Goal of the exercise
Exactly as they appear, transcribe the entries and skip any pictures.

Data provided
★ ★ ★

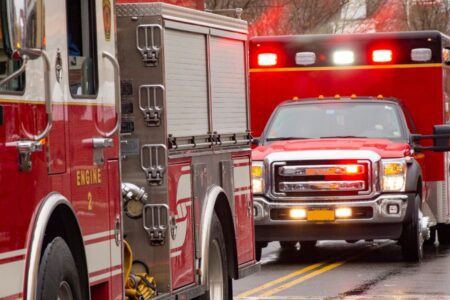 A fire truck and an ambulance with flashing lights are parked on a wet road.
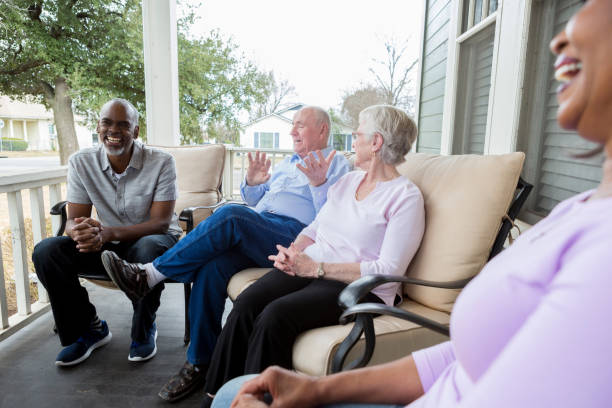 Diverse group relaxing on porch, chatting joyfully.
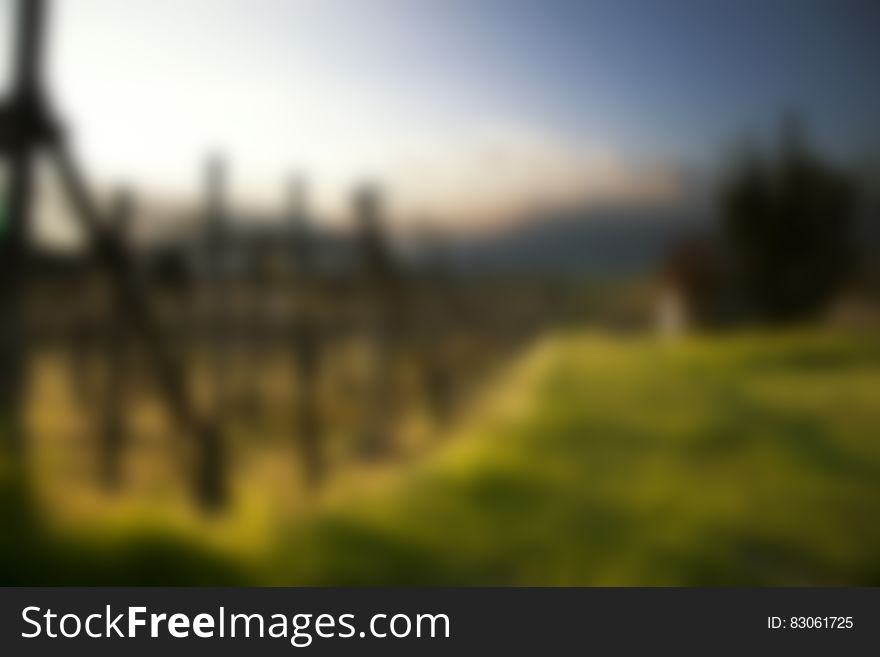 A blurred landscape with green field and blue sky. A blurred landscape with green field and blue sky.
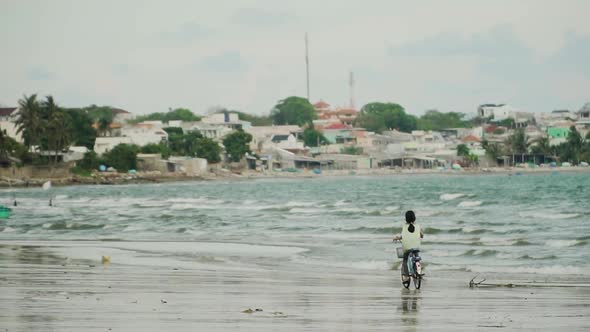 Little girl rides bicycle on Vietnamese seashore of Mui Ne beach, near fisherman village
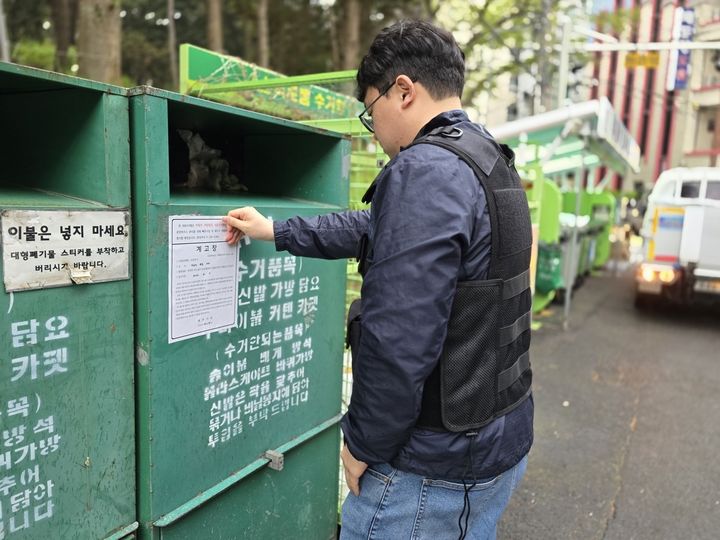 [제주=뉴시스] 제주시 관계자가 무단 설치된 의류수거함에 행정대집행을 예고하는 계고장을 붙이고 있다. (사진=제주시 제공) 2026.04.21. photo@newsis.com *재판매 및 DB 금지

★ ★ ★

Solution to this task
 A fire truck and an ambulance with flashing lights are parked on a wet road.
 Diverse group relaxing on porch, chatting joyfully.
 A blurred landscape with green field and blue sky. A blurred landscape with green field and blue sky.
 Little girl rides bicycle on Vietnamese seashore of Mui Ne beach, near fisherman village
 [제주=뉴시스] 제주시 관계자가 무단 설치된 의류수거함에 행정대집행을 예고하는 계고장을 붙이고 있다. (사진=제주시 제공) 2026.04.21. photo@newsis.com *재판매 및 DB 금지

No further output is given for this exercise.